Regarding the list of unions thing: The instruction stream needs to contain both the operations (the function pointer) and the operands. In a plain array of function pointers, how would a function get at its operands? For example, for `CONSTANT 15`, how do you encode the 15 if all you have is an array of function pointers? I suppose you could cast back and forth between a function pointer and an intptr_t, but I prefer having the explicit union. (EDIT: I see you figured it out already while I was writing this)

I'll definitely still consider it, I think I got lost in the fact that I originally made mine similar to the original version of the dispatch table. Then I just had a byte array of memory where I wrote instructions and values directly into the memory and then executed it. Stack also lived in the memory block growing downwards like a normal stack. And yeah as you said the constant function I have reads in the value from the program_counter and increments it manually. but since all values and opcodes were only bytes it didn't feel off just reading it in the same way.
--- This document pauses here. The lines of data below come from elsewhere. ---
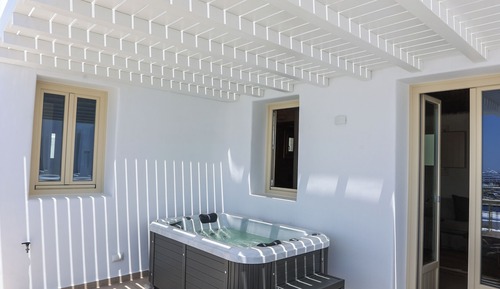 Superior Suite with Outdoor Hot Tub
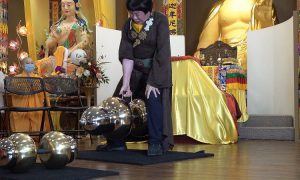 世界佛教教皇南无第三世多杰羌佛 单手勾提437.2磅金刚杵（维加斯新闻网）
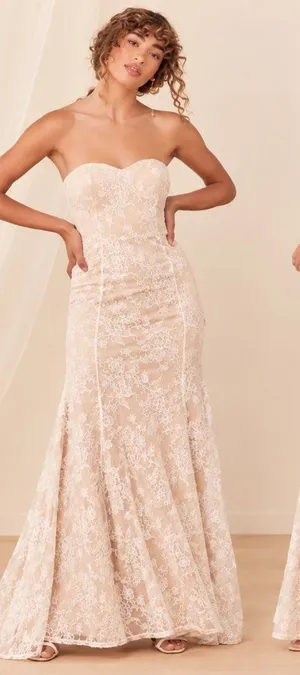 LULU's Sexy Romantic Flowy Eyelash Lace Bridal Shower Elopement Wedding Gown thumbnail 1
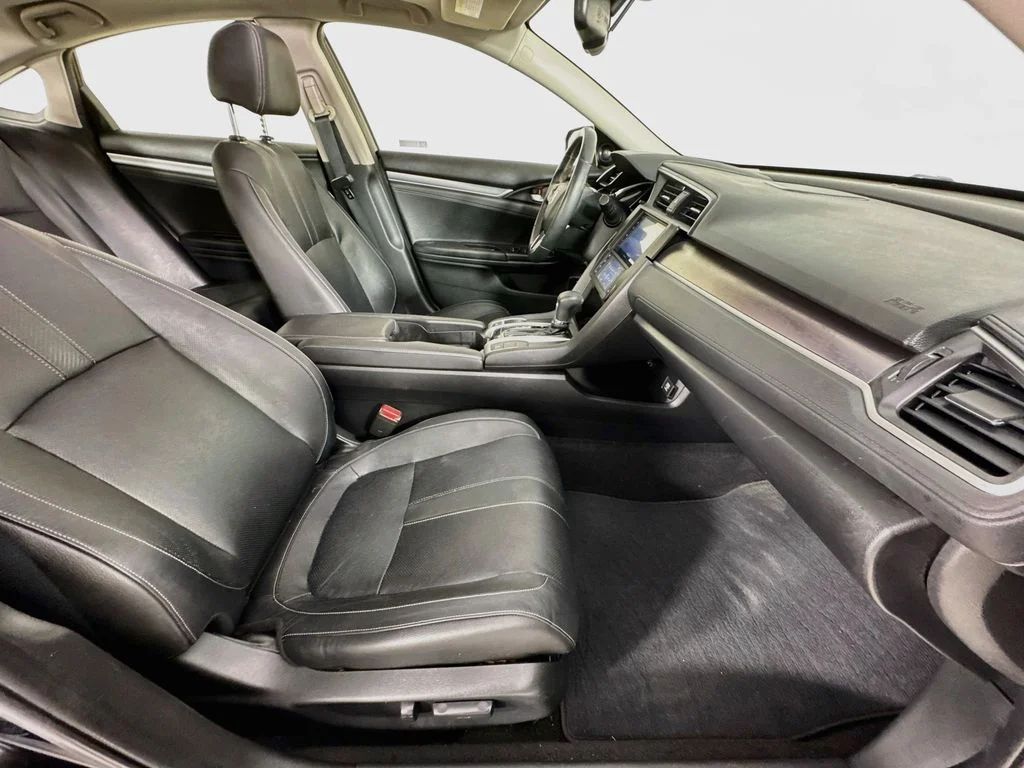 Used 2018 Black Honda Touring image 34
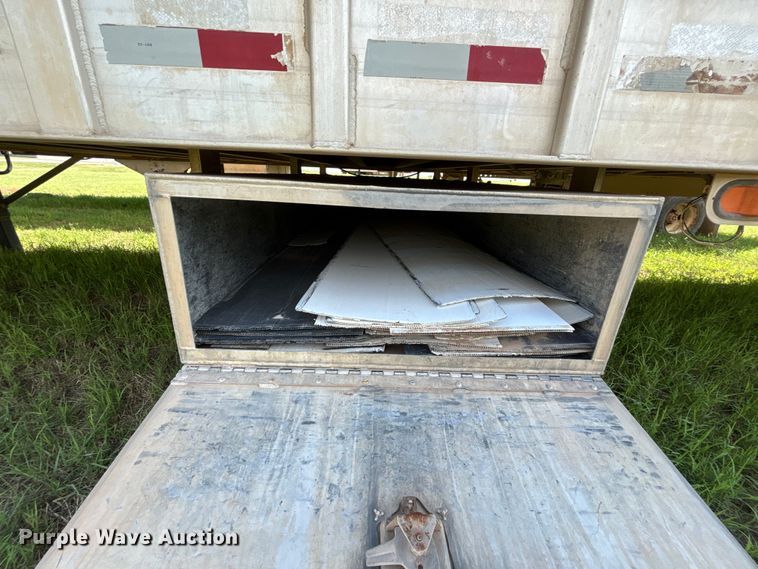 image for item DT3279 1998 Featherlite livestock trailer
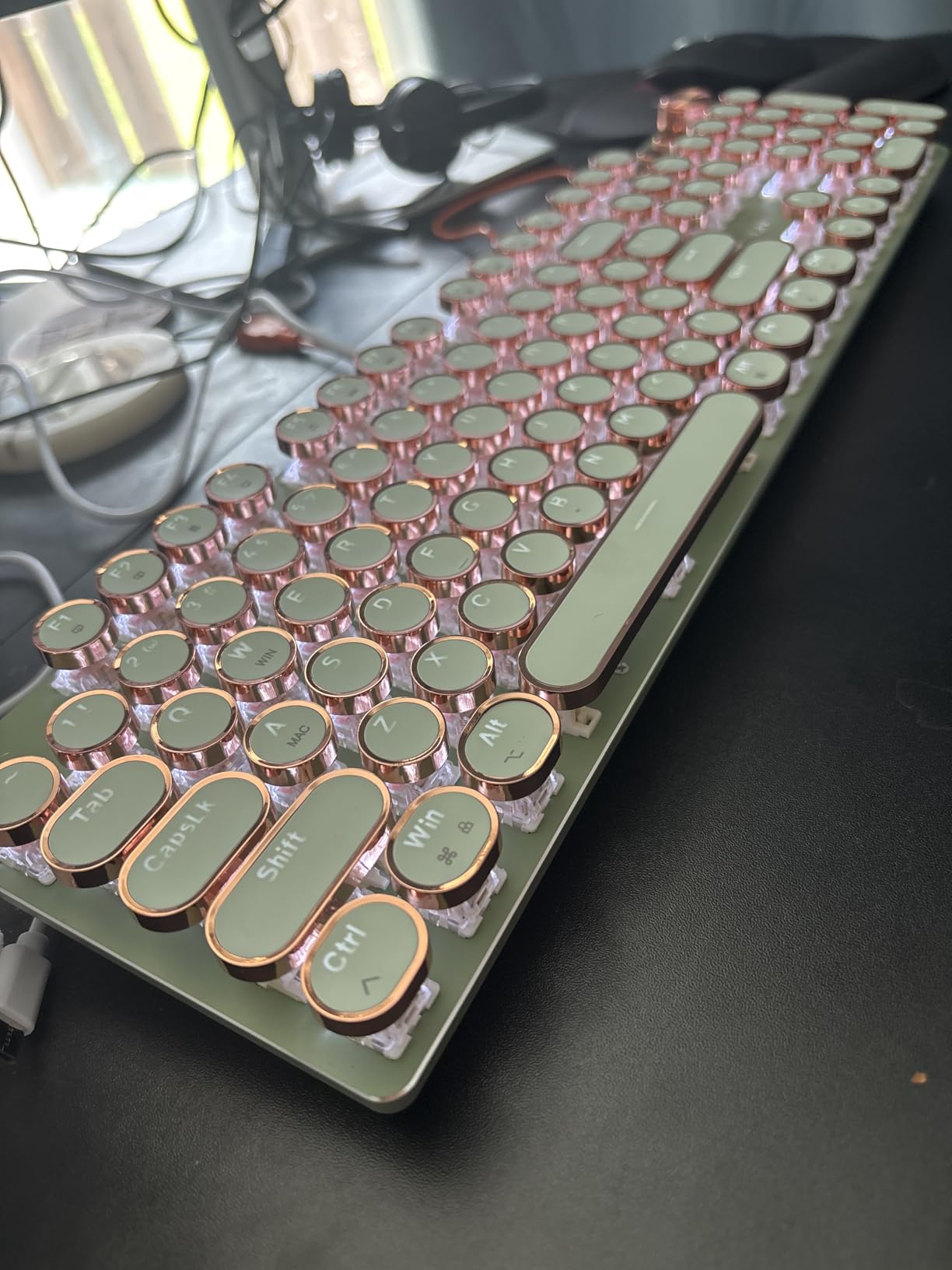 Typewriter Style Mechanical Gaming Keyboard White LED Backlit 104-Key NKRO White Switches Retro Round Keycaps Golden Ring Volume Knob Metal Panel Wired USB-C Detachable Cable, Black customer photo 2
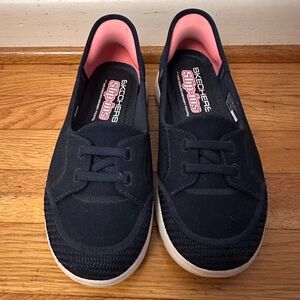 Skechers Women's Navy and Pink Slip-Ons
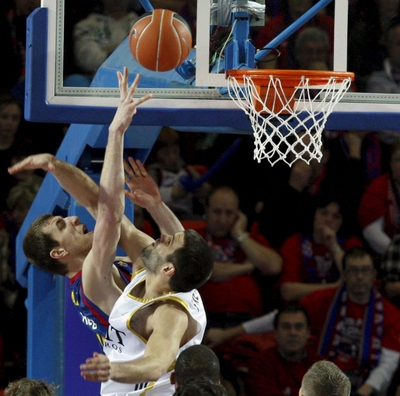 Fran Vázquez y Felipe Reyes luchan por un rebote en la final del año pasado.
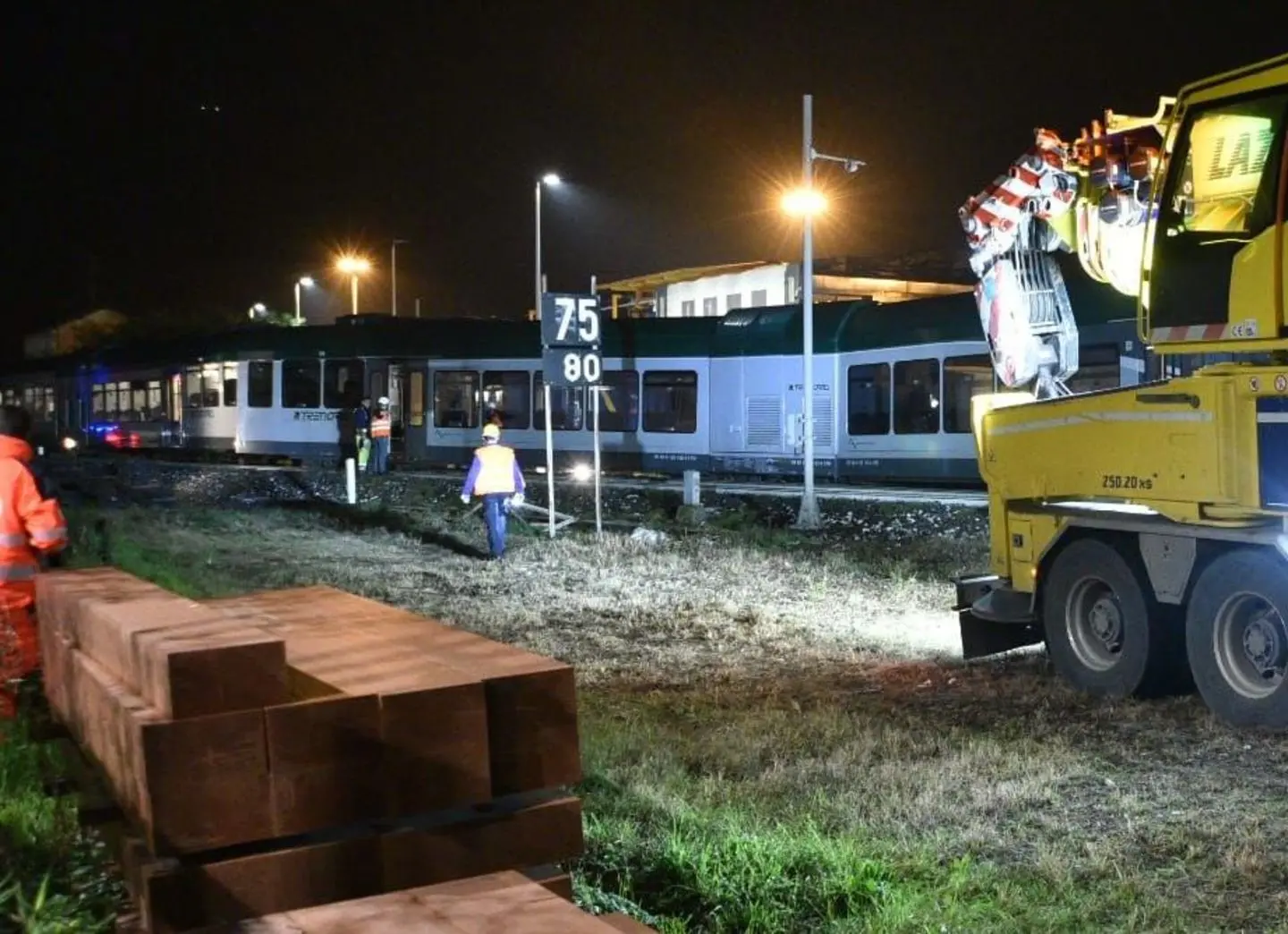 Iseo, treno deragliato: "Siamo per fortuna tutti salvi. Grazie anche al macchinista"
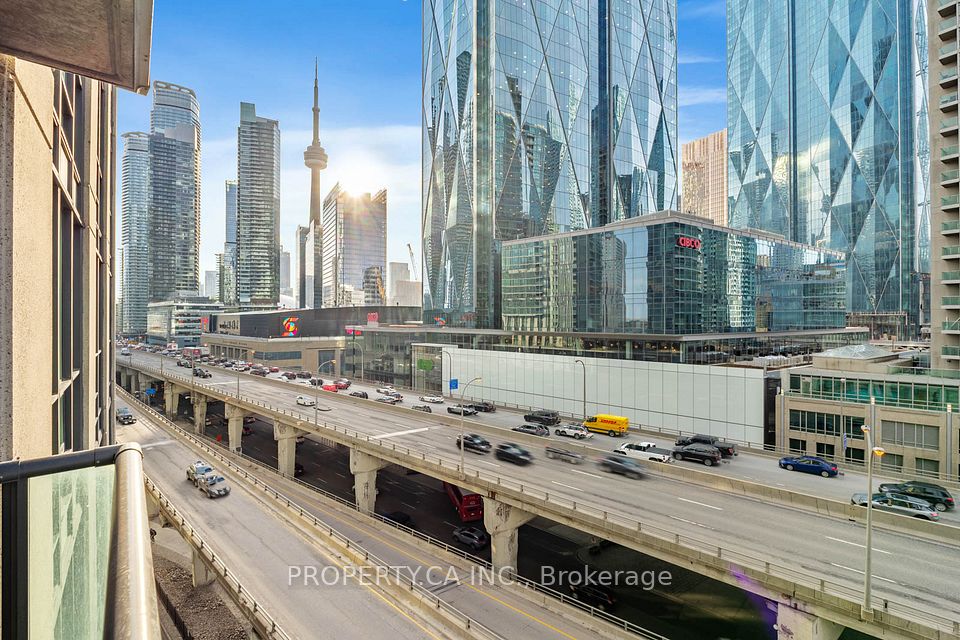 16 Yonge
Oh wait I see I'm mistaken, the function pointer is being used as the opcode and you're running across the instruction list with the &instrs[2], that makes more sense at least. I can't personally do that for my VM however since I'm using an existing instruction set. I'll have to give this a full read when I get off work.

MSVC can sometimes be convinced to emit tail jumps from a switch() if the cases are densely packed and there is an __assume(0) on the default. Unfortunately, it also tends to encode an offset table instead of a jump table on x64, which I have not found a way to suppress.

> A LISP machine reads instructions in the form of LISP code and modifies its state accordingly.

They don't; they still read a linear sequence of instructions.

Trying to optimize parsing binary interpretation is a lost cause. The problem with pure virtual machines is they're basically meta-macrocode are mappable back to the ISA macrocode without the overhead.

JIT is the way out performance-wise while the boundaries of the VM are what provide portability and safety guarantees.

Yeah, as I mentioned in the article, tracing JITs are the way to get the best performance out of dynamic languages. But JITs are extremely complicated, hard and expensive to make, prone to security issues, require a separate implementation for every single CPU architecture you want to support, etc.

If you're implementing an interpreted programming language, and you don't want to invest all the resources to make a JIT, you may want to use some of these tricks to make execution faster for much less cost. Even if you're implementing a JIT, you may want a general fallback, and these approaches become relevant there too.

> But JITs are extremely complicated, hard and expensive to make,

JITs can also be surprisingly accessible, as in [1][2]...

[1] How to write a simple JIT compiler https://news.ycombinator.com/item?id=29566249 [2] https://eli.thegreenplace.net/2017/adventures-in-jit-compila... [3] ... (others - I searched only briefly)

In some environments (iOS for example) JITting isn't allowed. (Or more precisely, marking pages as executable isn't allowed)

The standard VM writers learning process. Now he just has to find out the advantages to optimize the data structures (smaller size), and maybe switch to a register VM, with 32bit ops. Smaller data will be much faster than jump-table optims.

Can you please keep swipes/putdowns out of your HN posts? This is in the site guidelines: https://news.ycombinator.com/newsguidelines.html. Your comment would be better without the first bit ("The standard VM writers learning process") and the patronizing "Now he just". There are better, friendlier ways to convey information about register VMs.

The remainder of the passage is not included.